Çalışmak… Çok çalışmak… Çalışkan olmak… Bu sözler zihinlerimizde hep olumlu çağrışımlar yapar. Tembelliği hoş karşılamayız. Çünkü patronlar bize hep daha çok çalışmayı salık verirler. Öyle ki artık fabrikalarda kesintisiz olarak 24 saat çalışan makinelerden farkımız kalmadı.
Derneğimizin Gebze şubesinde bir seminere katıldım hafta sonu. Semineri sunan arkadaşımız salondakilere birkaç soru sordu. Bu sorulara verilen cevaplar karşısında nasıl da kahrolası bir ücretli kölelik düzeninde yaşadığımızı bir kez daha öfkeyle hatırladık. İlk soru, aramızda kaç kişinin işsiz olduğuydu. Cevap verildi ve neredeyse dörtte birimiz işsizdik. Geriye kalanlardan çalışan 16 işçi arkadaş günde 12 saatten fazla çalışıyordu. Toplantıya katılanlar içinde çalışabilen işçi arkadaşların yarısı 12 saat, geri kalanları ise 10 ilâ 12 saat arasında çalışıyordu. Haftasonu mesaiye kalmayan neredeyse yoktu. Hatta sözünü ettiğim etkinliğe çağrılan ve pazar mesaisinde olduğu için gelemeyen çokça arkadaşımız vardı. Sadece bu durum bile Uluslararası İşçi Dayanışması Derneği’nin işçiler açısından ne denli hayati çalışmalar yaptığını ve ne denli önemli olduğunu göstermeye yetiyor. Pazar günü işlenen konu ise tam da bu meseleyi vurgulayan “Uzayan İş Saatleri ve Bitmeyen Mesailer” idi.
Patronlar bizlere öyle düşük ücretler veriyorlar ki, bizleri mesaiye bırakmayan posta başlarımıza kızar hale geldik. Bir arkadaşımız işyerinde yaşadığı bir olayı şöyle anlattı: “Yan yana çalıştığım kadın arkadaşım çok rahatsızdı. Sürekli bel ağrısından şikâyet ediyordu. Çektiği acı yüzünden okunuyordu. Şef geldi ve 16 saate kalıp kalamayacağını sordu. Arkadaşım ‘olur, 24 saate de kalırım’ dedi. Şef sevinerek uzaklaştı. Çok öfkelenmiştim. Bu öfkeyle arkadaşıma döndüm ve ne biçim bir insan olduğunu sordum. Acıdan kıvrandığı halde nasıl olup da kendi isteğiyle iki vardiya daha çalıştığını sordum. Bana ‘Gebze gibi bir sanayi şehrinde iş bulamadığı için kocam Karabük’e geri döndü. Bebeğime bakamadığım için onu da Bolu’ya anneme gönderdim. Onları görebilmek için para kazanmam gerekiyor’ dedi.”
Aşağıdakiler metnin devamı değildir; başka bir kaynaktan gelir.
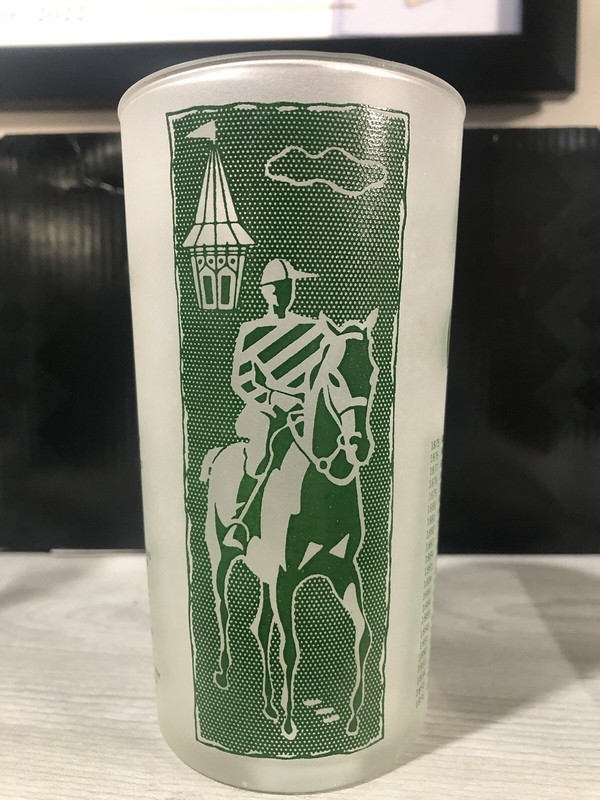 1963 Kentucky Derby Bar Glass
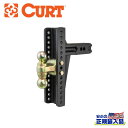 【CURT(カート)正規代理店】デュアルボール付き アジャスタブルチャンネルマウント 2.5インチ角汎用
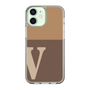 Slim Protection Case［ Original - initial two tone - V brown ］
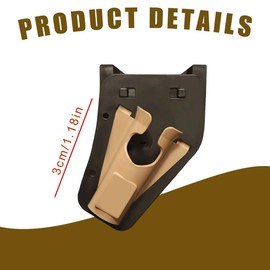 Slot Fishing Rods Hip Holster, Adjustable Hands-Free Rod Holder, Waist Wading Belt, Portable Pole Insert, Quick Pull Waist Belt with Hidden Pockets for Outdoor Flies and Shore Fishing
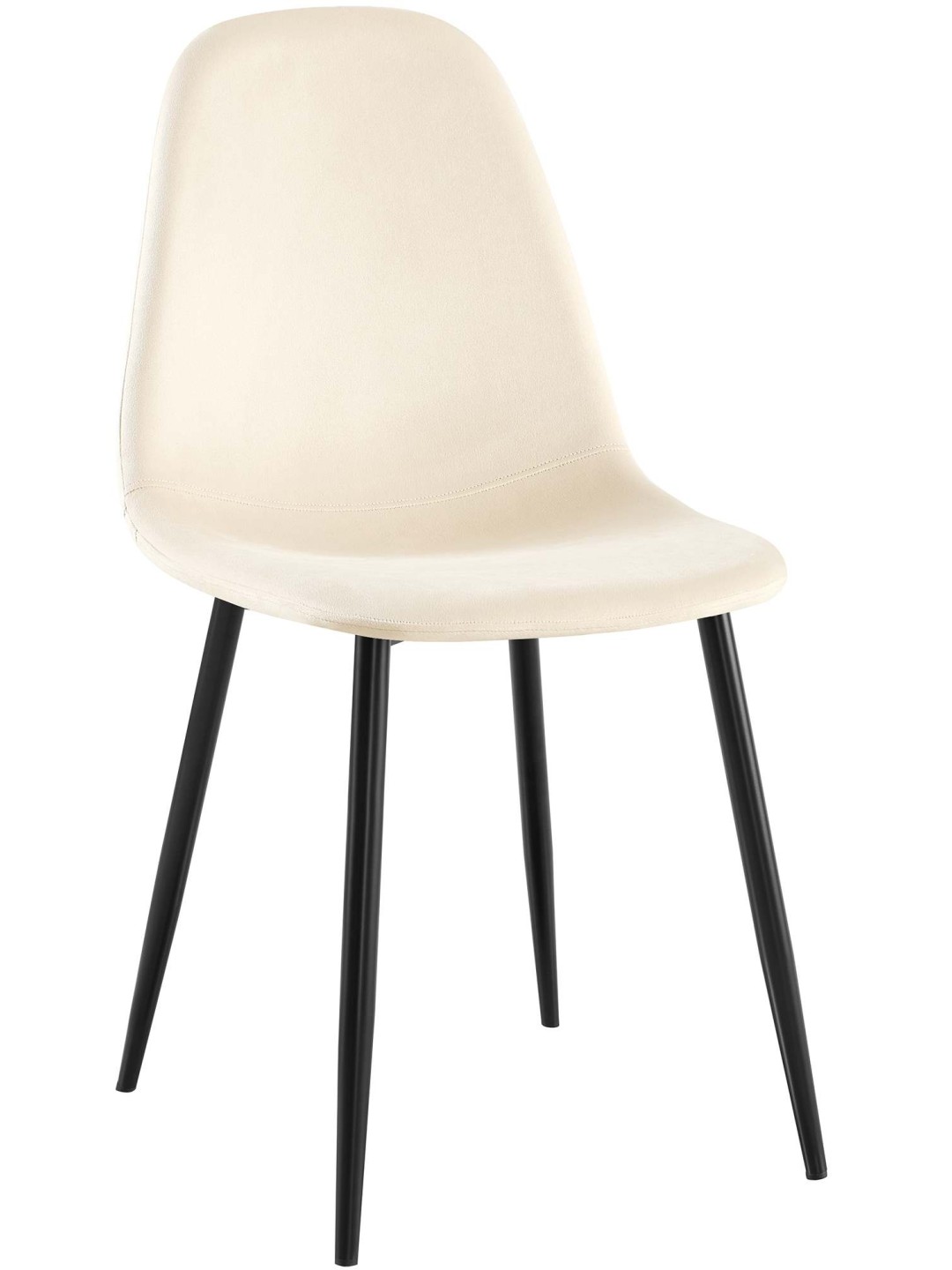 Napier samettinen ruokatuoli, kermanvärinen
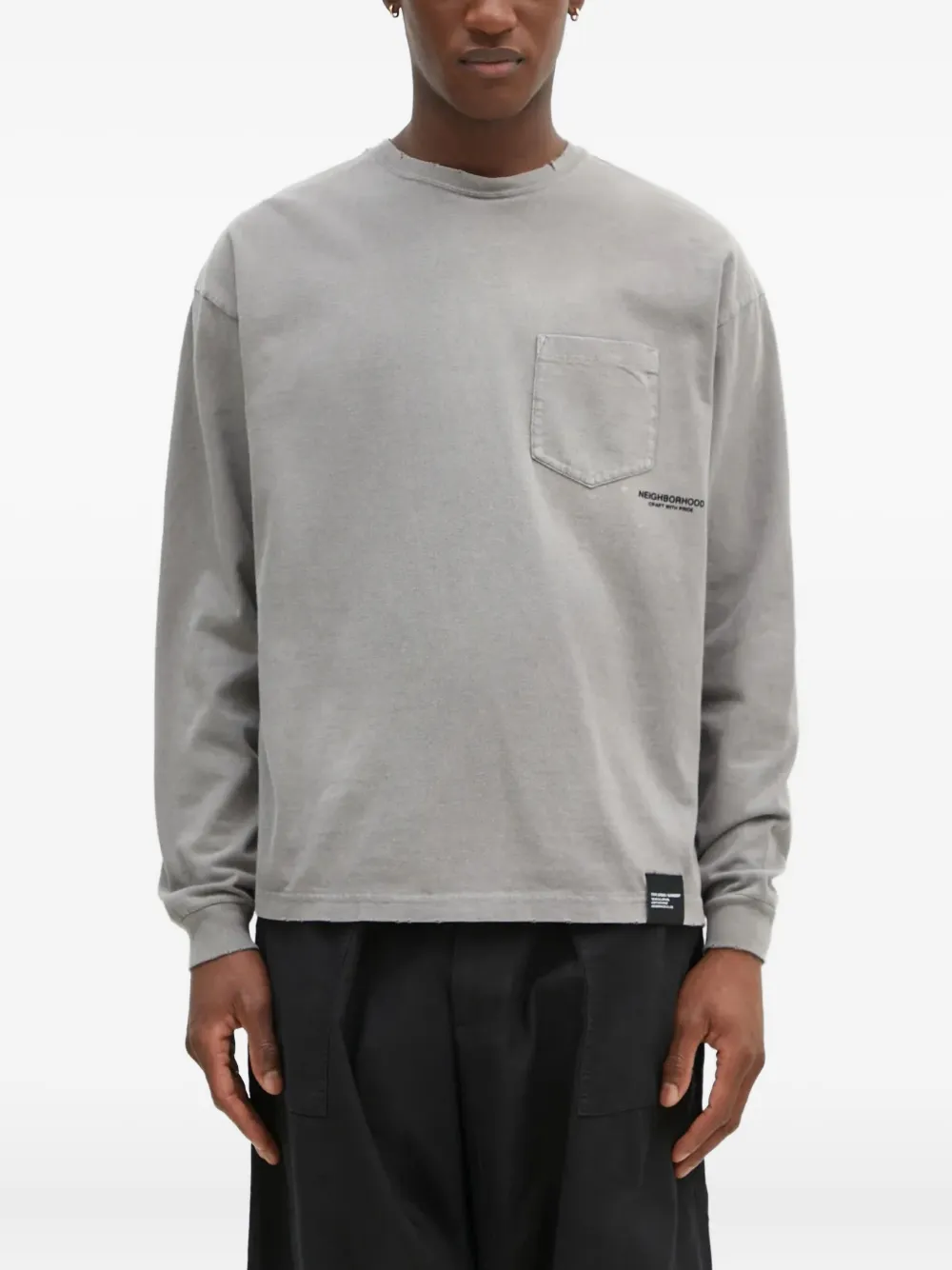 Neighborhood pocket long-sleeve T-shirt | Grey | Image 1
Biz işçileri insan yerine koymaz patronlar. Öyle olduğu için 24 saat, 32 saat, 40 saat boyunca aralıksız çalıştırabilirler. Sanki anamızın karnından onların kölesi olmak için doğduk. Evlâtlarımızı kölece çalışsınlar, patronların kârına kâr katsın diye dünyaya getiriyoruz sanki. Yaşamlarımızın tek manası sanki onların servetlerini büyütmek. Köle olmadığımızı, insan olduğumuzu patronlara hatırlatabilmek için bir araya gelmemiz gerekiyor. Uzayan iş saatleri bunun önünde engeldir. Ücretlerimizi arttırmanın tek yolunun fazla mesaiye kalmak olduğuna inandırılmışız. Köle gibi çalışmaya alıştırılmışız.
Fabrikalarımızda bir araya gelirsek, fabrikalarımızdan alanlara akarsak, 1 Mayıs günü örgütlü bir şekilde çıkarsak patronlarımızın karşısına, o zaman yüreklerinde duyacakları korku insan olduğumuzu hatırlatır.